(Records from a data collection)

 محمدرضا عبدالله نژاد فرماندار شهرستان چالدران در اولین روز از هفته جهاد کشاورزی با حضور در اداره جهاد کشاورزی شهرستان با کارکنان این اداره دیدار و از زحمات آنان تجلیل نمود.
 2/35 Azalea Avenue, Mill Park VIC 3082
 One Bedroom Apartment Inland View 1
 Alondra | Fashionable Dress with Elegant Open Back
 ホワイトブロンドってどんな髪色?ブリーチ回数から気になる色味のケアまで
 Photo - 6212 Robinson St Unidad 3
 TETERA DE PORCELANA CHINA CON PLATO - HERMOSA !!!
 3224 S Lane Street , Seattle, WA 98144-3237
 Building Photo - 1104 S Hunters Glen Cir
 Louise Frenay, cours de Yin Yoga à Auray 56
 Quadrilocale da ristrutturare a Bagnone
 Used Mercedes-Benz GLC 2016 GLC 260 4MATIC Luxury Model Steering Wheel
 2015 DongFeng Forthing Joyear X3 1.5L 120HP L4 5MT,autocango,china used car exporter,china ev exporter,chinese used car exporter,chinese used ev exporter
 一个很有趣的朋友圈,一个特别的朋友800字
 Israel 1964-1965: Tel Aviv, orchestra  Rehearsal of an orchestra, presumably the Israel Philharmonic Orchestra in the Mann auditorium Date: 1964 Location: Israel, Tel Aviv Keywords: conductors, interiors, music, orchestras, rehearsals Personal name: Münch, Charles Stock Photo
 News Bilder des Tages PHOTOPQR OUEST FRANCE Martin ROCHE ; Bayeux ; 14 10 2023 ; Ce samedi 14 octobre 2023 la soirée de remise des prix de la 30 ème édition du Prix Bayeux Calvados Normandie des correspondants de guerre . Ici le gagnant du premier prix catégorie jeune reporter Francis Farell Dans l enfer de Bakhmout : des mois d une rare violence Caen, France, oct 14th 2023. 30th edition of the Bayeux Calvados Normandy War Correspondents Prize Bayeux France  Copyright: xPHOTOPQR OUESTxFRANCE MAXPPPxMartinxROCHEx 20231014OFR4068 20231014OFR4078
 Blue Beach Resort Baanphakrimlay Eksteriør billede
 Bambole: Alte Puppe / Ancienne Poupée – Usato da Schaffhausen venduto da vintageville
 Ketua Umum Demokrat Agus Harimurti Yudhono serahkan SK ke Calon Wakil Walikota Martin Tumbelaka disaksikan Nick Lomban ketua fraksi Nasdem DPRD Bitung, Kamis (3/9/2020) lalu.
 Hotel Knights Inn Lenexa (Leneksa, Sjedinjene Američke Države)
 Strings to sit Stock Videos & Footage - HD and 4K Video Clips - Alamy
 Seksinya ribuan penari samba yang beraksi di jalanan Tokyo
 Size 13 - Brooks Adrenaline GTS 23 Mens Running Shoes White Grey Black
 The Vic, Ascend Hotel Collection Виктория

_Work request_
From the data above, show each line that contains "Hotel".

_Finished exercise_
 Hotel Knights Inn Lenexa (Leneksa, Sjedinjene Američke Države)
 The Vic, Ascend Hotel Collection Виктория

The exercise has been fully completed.